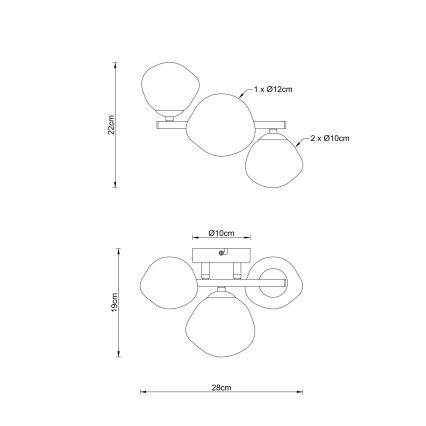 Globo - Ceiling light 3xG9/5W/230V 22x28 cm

---

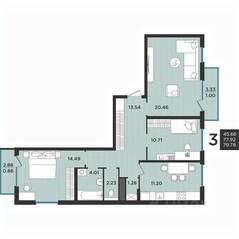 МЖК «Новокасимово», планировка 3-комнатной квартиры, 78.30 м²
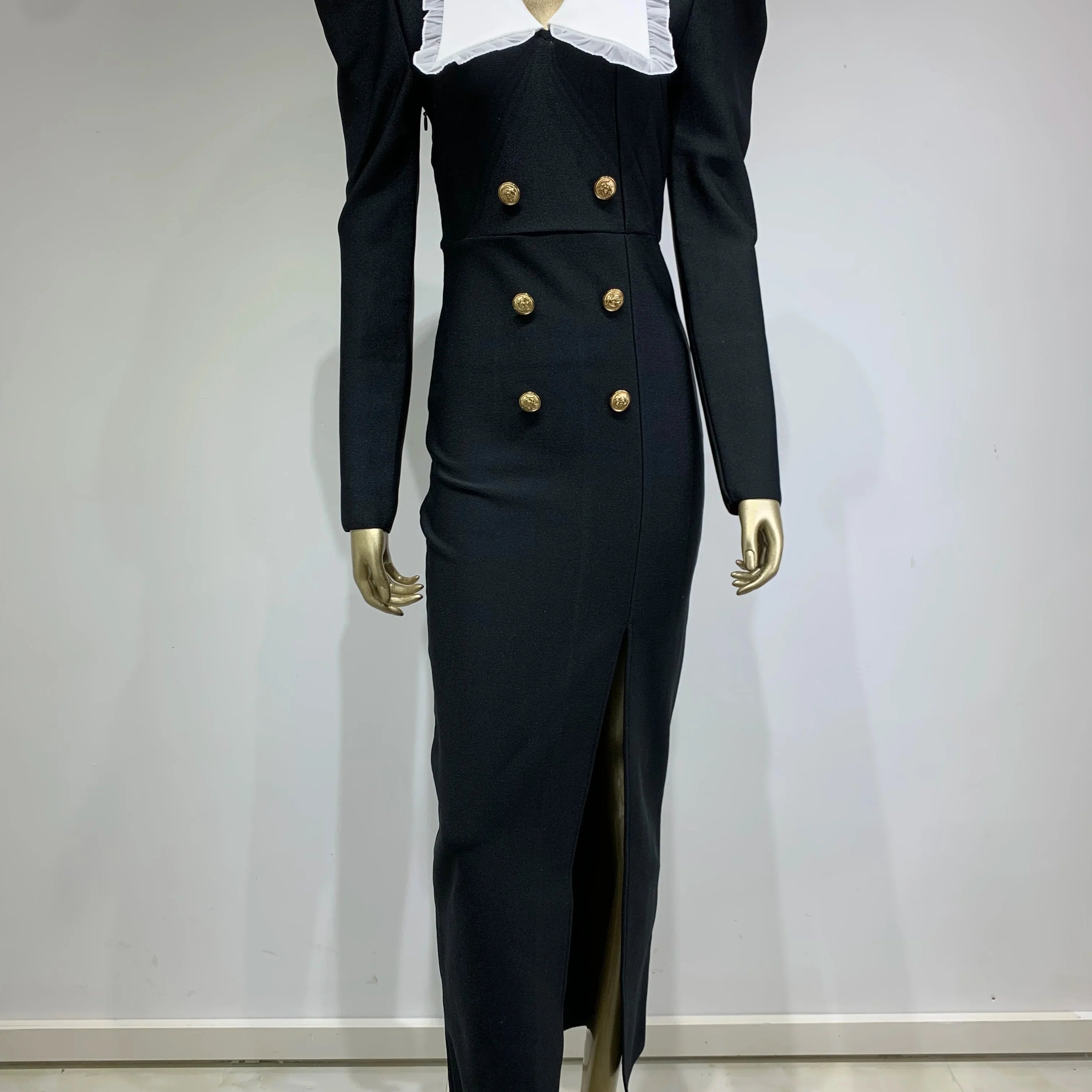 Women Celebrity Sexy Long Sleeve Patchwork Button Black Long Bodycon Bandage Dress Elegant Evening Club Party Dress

==

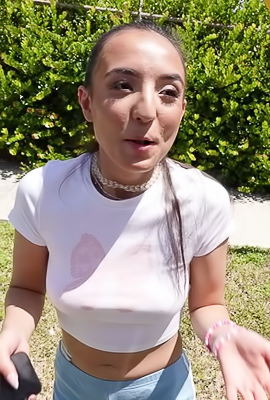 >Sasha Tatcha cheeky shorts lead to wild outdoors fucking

## Problem description:
Starting at the line above that holds "квартиры, 78.30 м²", return each line up to and including the one that holds "Women Celebrity Sexy", exactly as written, minus any pictures.

## Task answer:
 МЖК «Новокасимово», планировка 3-комнатной квартиры, 78.30 м²
 Women Celebrity Sexy Long Sleeve Patchwork Button Black Long Bodycon Bandage Dress Elegant Evening Club Party Dress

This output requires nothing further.